• **WHAT THE TASK ASKS**
Images do not belong in the copy. Set down all the entries exactly.

═════ DATA SHOWN

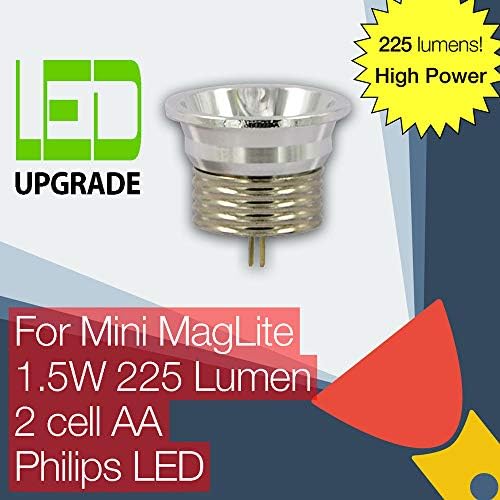 TorchUpgrades Съвместимост/Подмяна на Mini Maglite Aa Led лампа на Преобразуване и/или актуализация 225lm Висока мощност за Mini Maglite Факел/фенерче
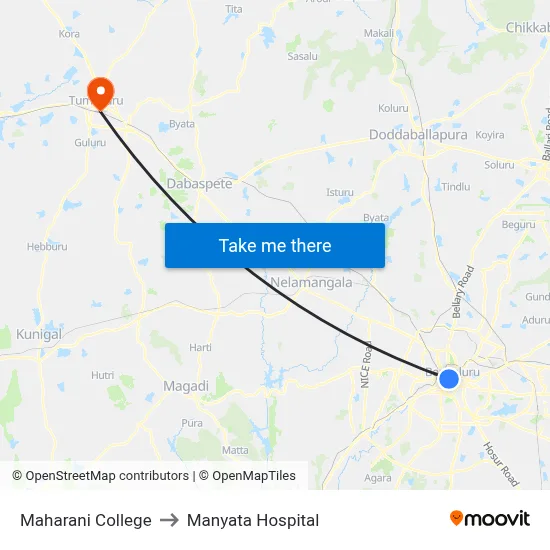 Maharani College to Manyata Hospital map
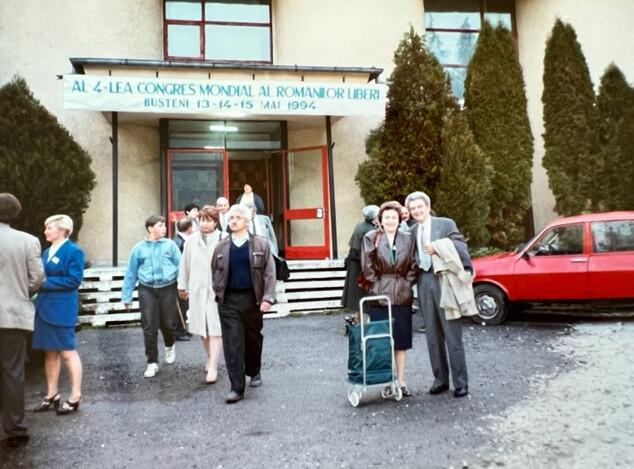 Dan Novacovici (R) with his wife at the fourth congress of the Worldwide Union of Free Romanians, held in Romania  for the first time in 1994. (Courtesy of Dan Novacovici)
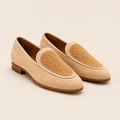 Men's Beige Beaded Embroidered Vegan Leather Slip-On Loafers - Zikolifestyle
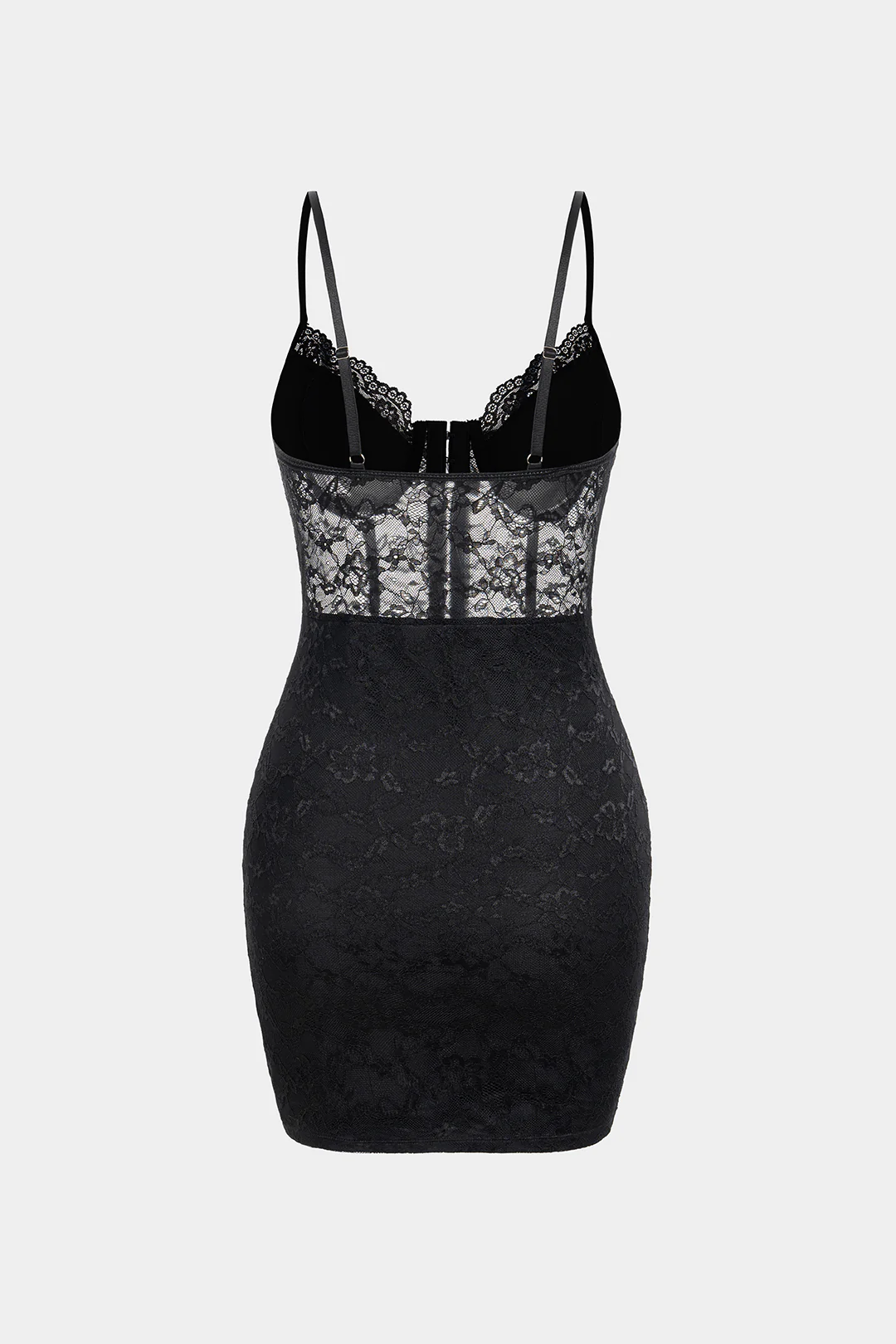 Lace Sheer Corset Sleeveless Midi Dress - Flockneti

══════════

• **REPLY**
 TorchUpgrades Съвместимост/Подмяна на Mini Maglite Aa Led лампа на Преобразуване и/или актуализация 225lm Висока мощност за Mini Maglite Факел/фенерче
 Maharani College to Manyata Hospital map
 Dan Novacovici (R) with his wife at the fourth congress of the Worldwide Union of Free Romanians, held in Romania  for the first time in 1994. (Courtesy of Dan Novacovici)
 Men's Beige Beaded Embroidered Vegan Leather Slip-On Loafers - Zikolifestyle
 Lace Sheer Corset Sleeveless Midi Dress - Flockneti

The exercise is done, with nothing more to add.